WHAT IS NEEDED
The expected result is an exact restatement of the data, free of pictures.

DATA UNDER STUDY
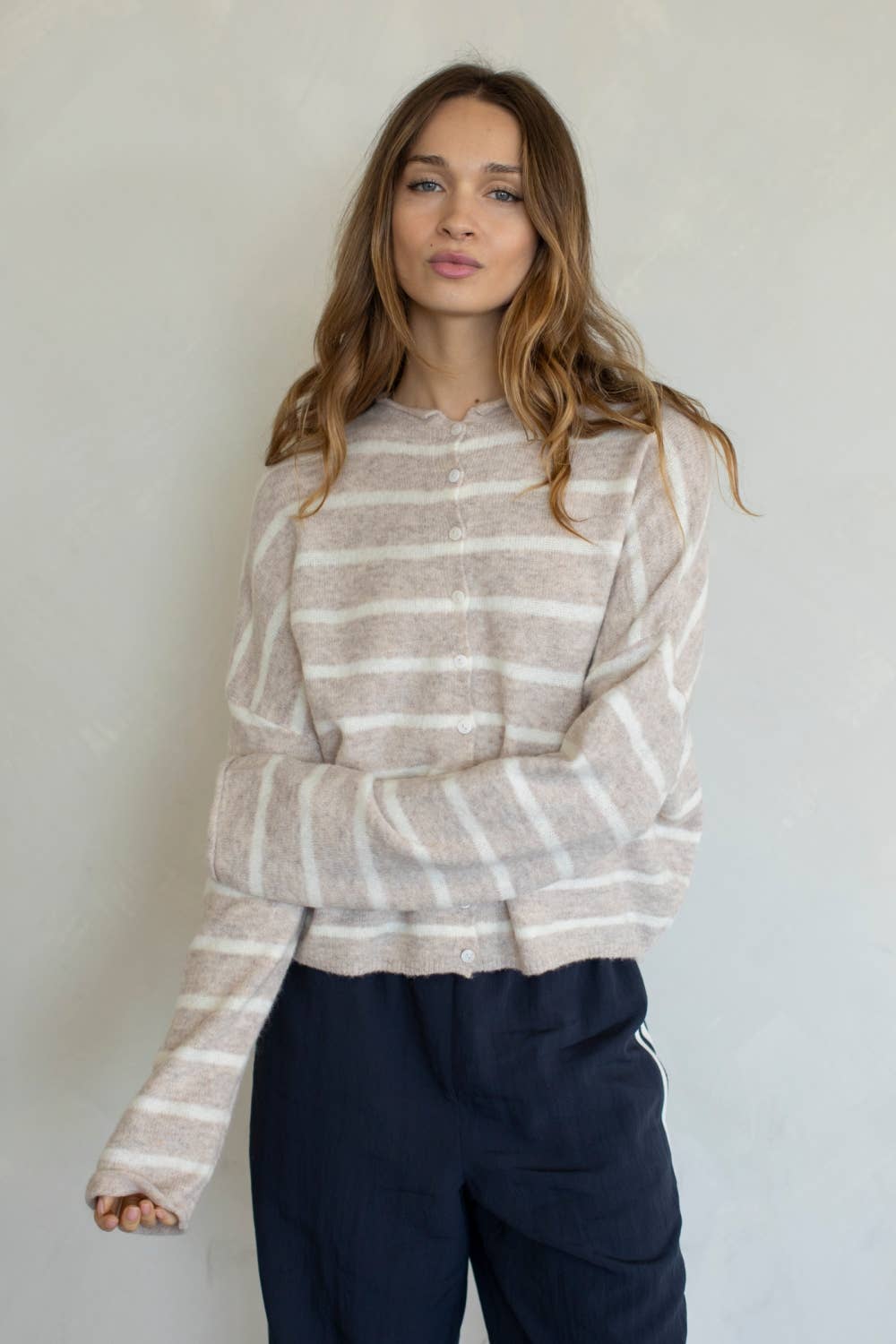 Cabana-Striped Piper Cardigan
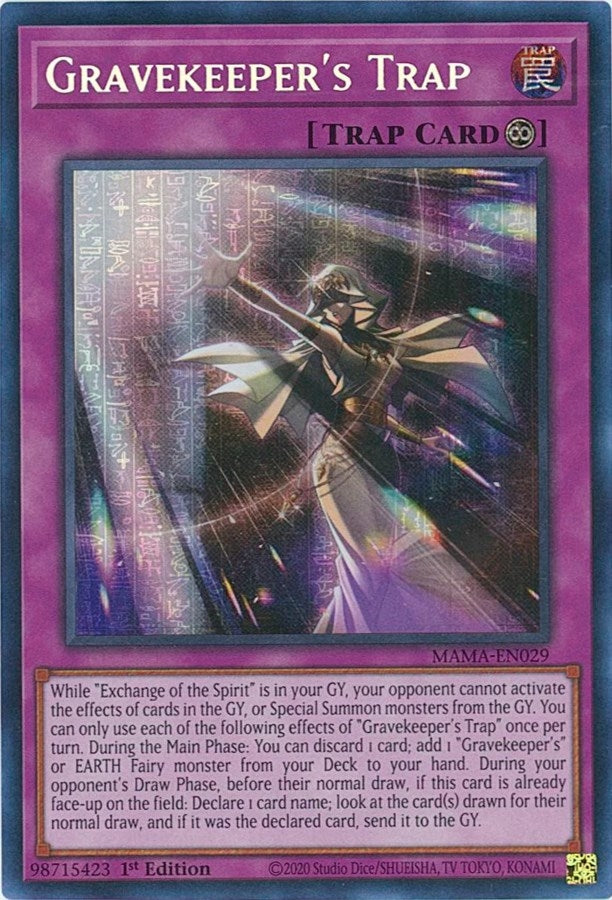 Image for Gravekeeper's Trap (Secret Pharaoh's Rare) (MAMA-EN029) (Magnificent Mavens) - YuGiOh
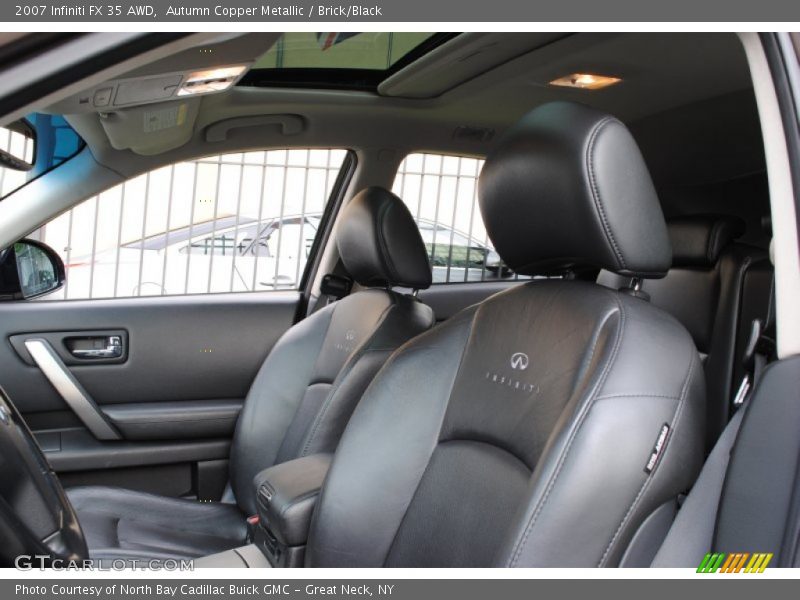 Autumn Copper Metallic / Brick/Black 2007 Infiniti FX 35 AWD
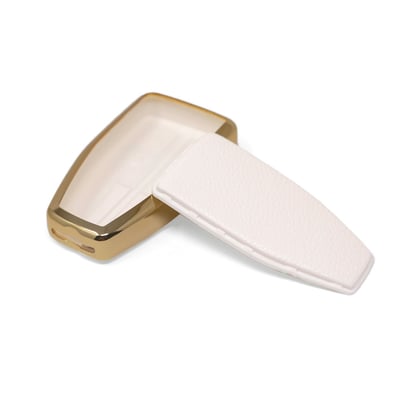 New-Aftermarket-Nano-High-Quality-Gold-Leather-Cover-For-Hongqi-Remote-Key-4-Buttons-White-Color-HQ-A13J4A---Emirates-Keys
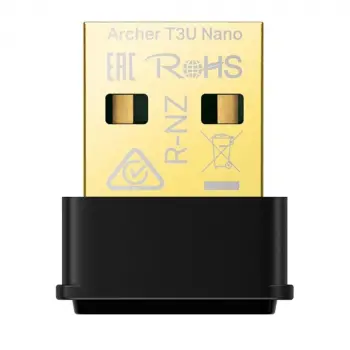 Tp-Link Archer T3U Nano 1300 Mbps Kablosuz USB Adaptör AC1300 (KDO)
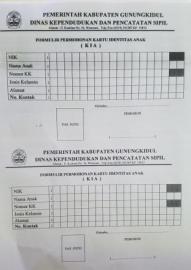 Persyaratan Pengajuan Kartu Identitas Anak (KIA)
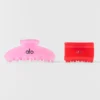Effortless Claw Clip (2-pakning) – Candy Heart Pink/Knallrød
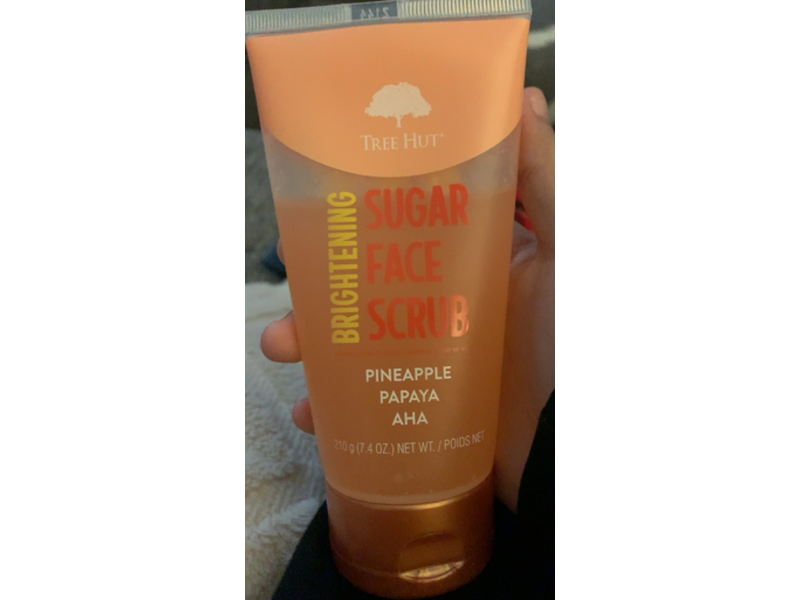 Tree Hut Sugar Brightening Face Scrub, Pineapple & Papaya, 7.4 oz/210 g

RESULT OF THE TASK
 Cabana-Striped Piper Cardigan
 Image for Gravekeeper's Trap (Secret Pharaoh's Rare) (MAMA-EN029) (Magnificent Mavens) - YuGiOh
 Autumn Copper Metallic / Brick/Black 2007 Infiniti FX 35 AWD
 New-Aftermarket-Nano-High-Quality-Gold-Leather-Cover-For-Hongqi-Remote-Key-4-Buttons-White-Color-HQ-A13J4A---Emirates-Keys
 Tp-Link Archer T3U Nano 1300 Mbps Kablosuz USB Adaptör AC1300 (KDO)
 Persyaratan Pengajuan Kartu Identitas Anak (KIA)
Effortless Claw Clip (2-pakning) – Candy Heart Pink/Knallrød
 Tree Hut Sugar Brightening Face Scrub, Pineapple & Papaya, 7.4 oz/210 g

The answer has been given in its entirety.